DATASET ENTRIES:
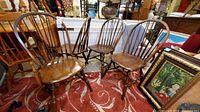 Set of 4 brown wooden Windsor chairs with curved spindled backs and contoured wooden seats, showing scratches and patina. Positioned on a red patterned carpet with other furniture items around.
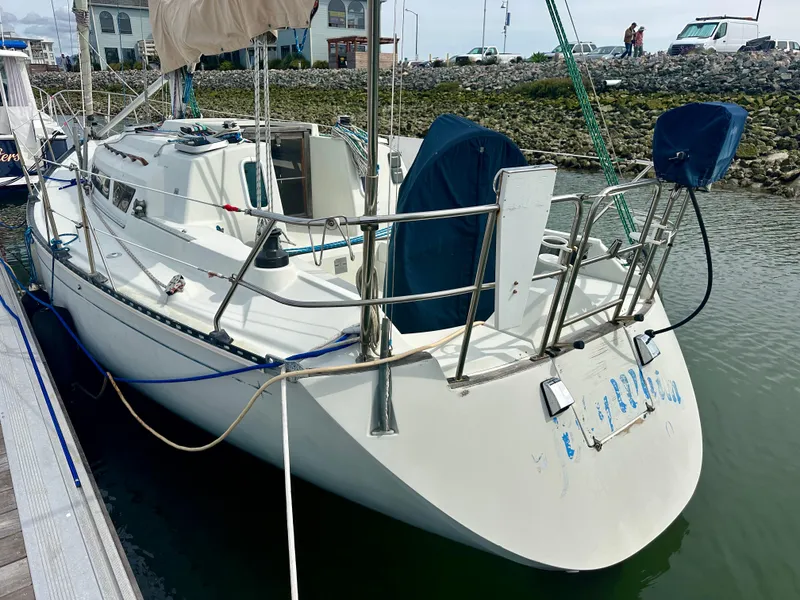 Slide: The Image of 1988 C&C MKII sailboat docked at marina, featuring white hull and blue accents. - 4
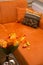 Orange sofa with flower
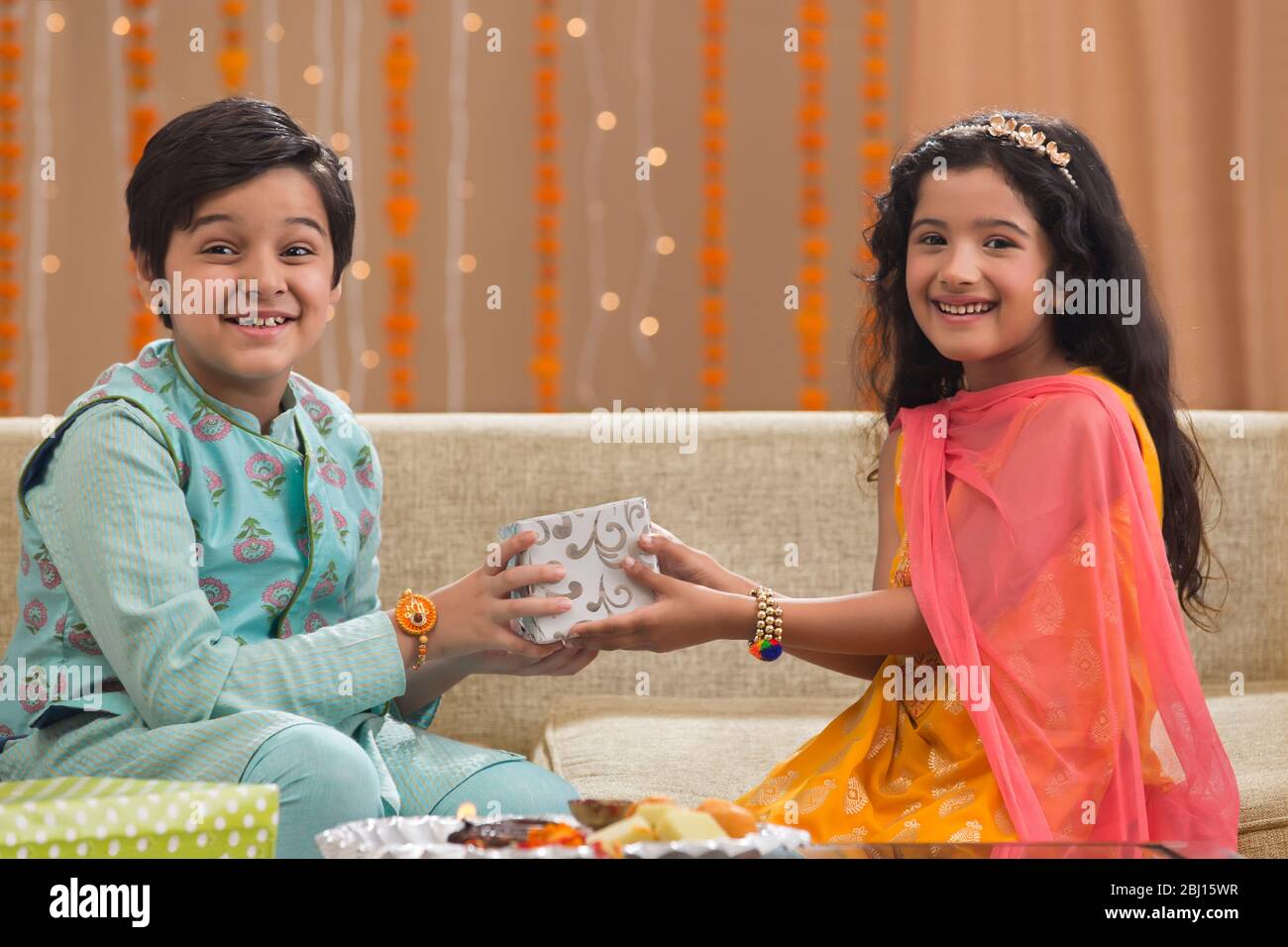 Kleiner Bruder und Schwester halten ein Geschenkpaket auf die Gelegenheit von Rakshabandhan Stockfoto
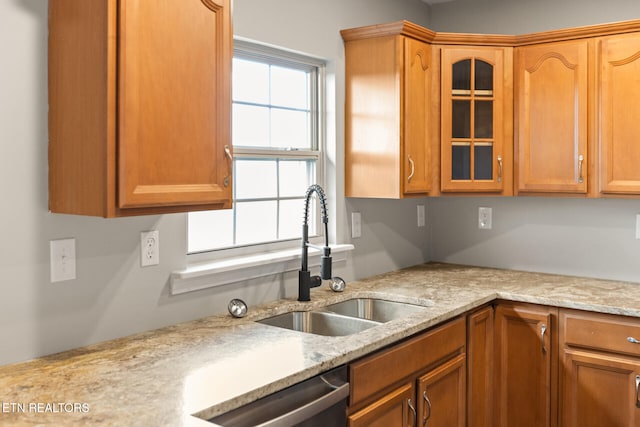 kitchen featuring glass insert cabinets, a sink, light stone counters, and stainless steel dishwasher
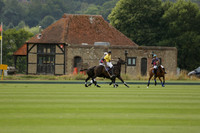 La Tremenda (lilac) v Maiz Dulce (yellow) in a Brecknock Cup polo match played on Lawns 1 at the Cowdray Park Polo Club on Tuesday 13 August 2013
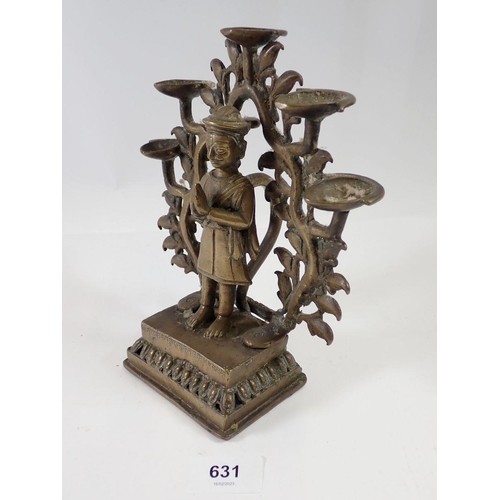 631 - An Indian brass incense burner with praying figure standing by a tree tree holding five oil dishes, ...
--
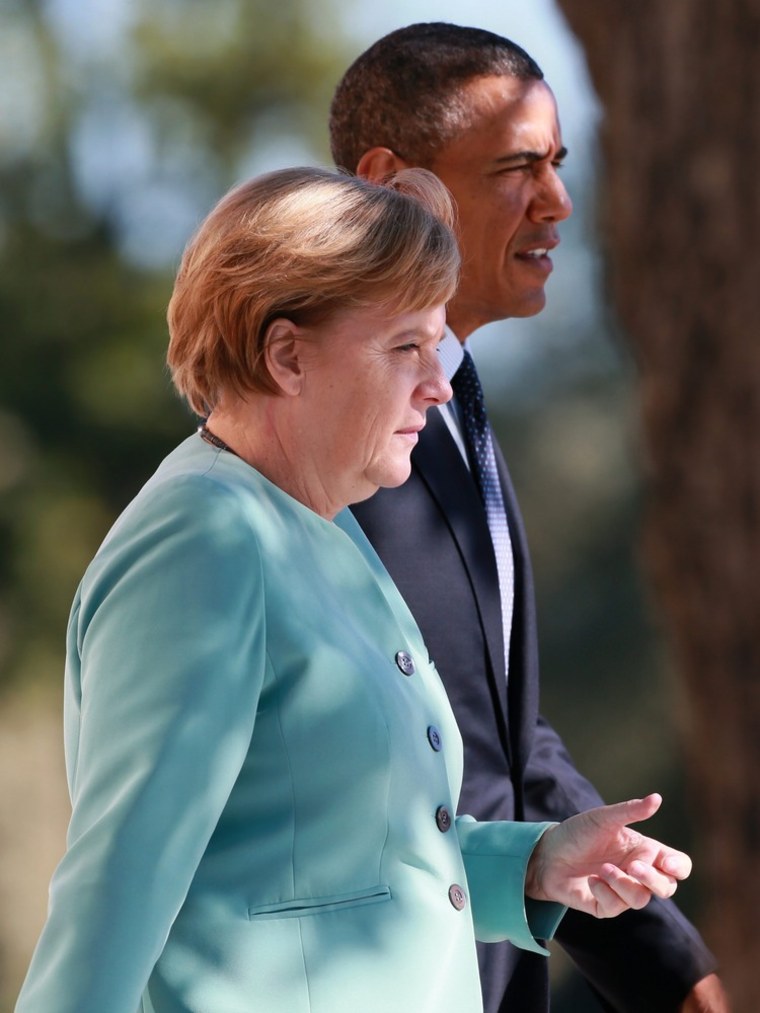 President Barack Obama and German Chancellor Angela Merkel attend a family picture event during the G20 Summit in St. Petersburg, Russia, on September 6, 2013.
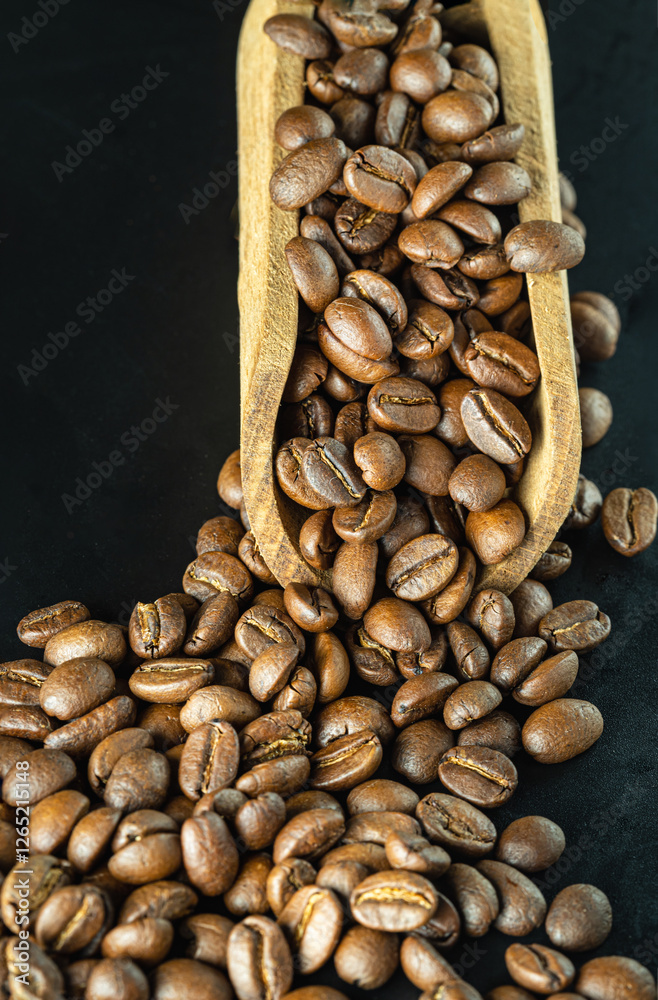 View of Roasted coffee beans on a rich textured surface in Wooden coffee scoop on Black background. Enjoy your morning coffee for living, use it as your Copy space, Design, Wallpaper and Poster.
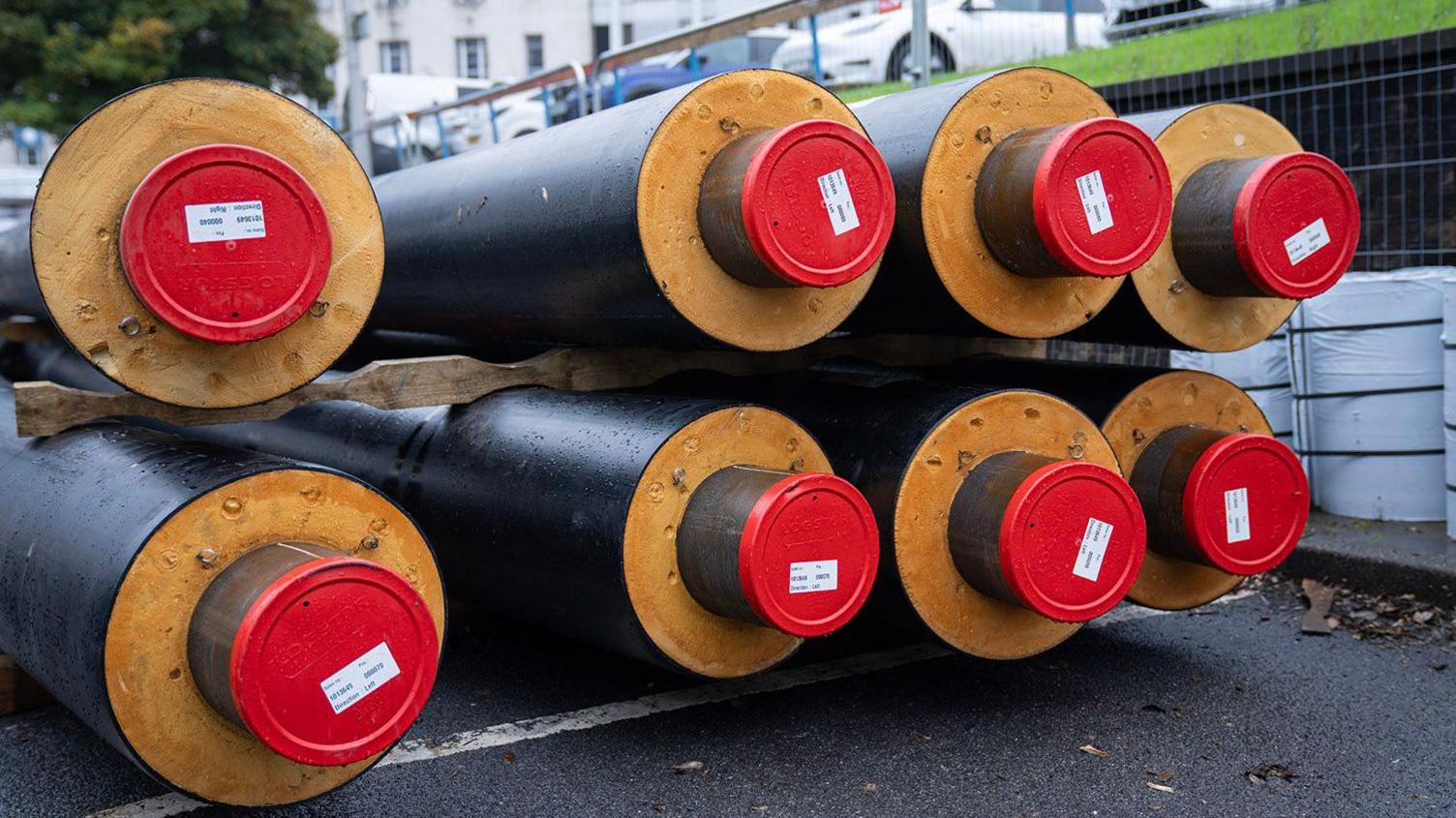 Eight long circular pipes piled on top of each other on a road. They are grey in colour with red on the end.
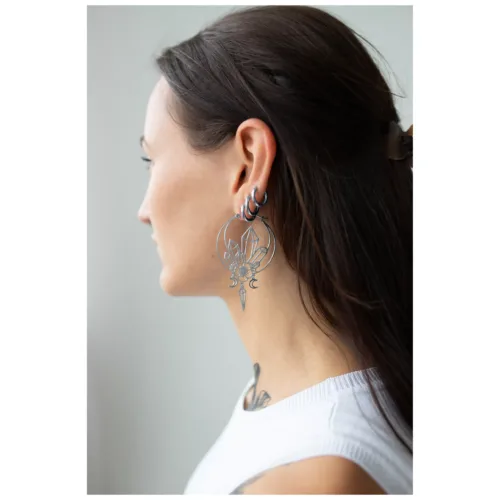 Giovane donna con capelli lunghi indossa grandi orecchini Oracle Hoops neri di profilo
--
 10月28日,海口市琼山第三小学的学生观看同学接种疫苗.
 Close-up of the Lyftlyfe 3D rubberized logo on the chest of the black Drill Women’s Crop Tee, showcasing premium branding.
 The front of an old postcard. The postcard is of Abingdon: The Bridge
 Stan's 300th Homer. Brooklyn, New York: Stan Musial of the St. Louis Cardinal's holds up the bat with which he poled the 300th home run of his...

PROBLEM TO WORK ON:
Within the listing above, the stretch from the line with "Orange sofa with flower" down to the line with "631 - An Indian" is to be given again exactly, end lines included and pictures excluded.

ANSWER BELOW:
 Orange sofa with flower
 Kleiner Bruder und Schwester halten ein Geschenkpaket auf die Gelegenheit von Rakshabandhan Stockfoto
 kitchen featuring glass insert cabinets, a sink, light stone counters, and stainless steel dishwasher
 La Tremenda (lilac) v Maiz Dulce (yellow) in a Brecknock Cup polo match played on Lawns 1 at the Cowdray Park Polo Club on Tuesday 13 August 2013
 631 - An Indian brass incense burner with praying figure standing by a tree tree holding five oil dishes, ...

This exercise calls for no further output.